§ WHAT TO DO
What you return must be an exact copy of the lines in the listing below between the line holding "Bún nem nướng" and the line holding "9mm AAAA Heart-Shaped", inclusive, and nothing more.

━━ PROVIDED RECORDS ━━

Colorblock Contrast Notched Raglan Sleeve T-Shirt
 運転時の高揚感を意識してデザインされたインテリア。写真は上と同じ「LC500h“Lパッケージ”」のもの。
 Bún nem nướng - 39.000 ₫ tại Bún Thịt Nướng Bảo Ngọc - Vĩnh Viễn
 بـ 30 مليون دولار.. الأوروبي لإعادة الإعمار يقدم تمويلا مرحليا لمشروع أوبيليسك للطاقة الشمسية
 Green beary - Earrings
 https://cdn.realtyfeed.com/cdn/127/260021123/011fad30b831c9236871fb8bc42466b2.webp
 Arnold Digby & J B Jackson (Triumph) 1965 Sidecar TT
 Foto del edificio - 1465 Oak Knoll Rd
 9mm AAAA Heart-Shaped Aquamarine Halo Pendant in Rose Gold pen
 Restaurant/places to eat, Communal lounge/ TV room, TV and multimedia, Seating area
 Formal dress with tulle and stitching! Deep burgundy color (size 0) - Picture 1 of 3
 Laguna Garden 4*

━━━

§ RESPONSE TO THE TASK
 Bún nem nướng - 39.000 ₫ tại Bún Thịt Nướng Bảo Ngọc - Vĩnh Viễn
 بـ 30 مليون دولار.. الأوروبي لإعادة الإعمار يقدم تمويلا مرحليا لمشروع أوبيليسك للطاقة الشمسية
 Green beary - Earrings
 https://cdn.realtyfeed.com/cdn/127/260021123/011fad30b831c9236871fb8bc42466b2.webp
 Arnold Digby & J B Jackson (Triumph) 1965 Sidecar TT
 Foto del edificio - 1465 Oak Knoll Rd
 9mm AAAA Heart-Shaped Aquamarine Halo Pendant in Rose Gold pen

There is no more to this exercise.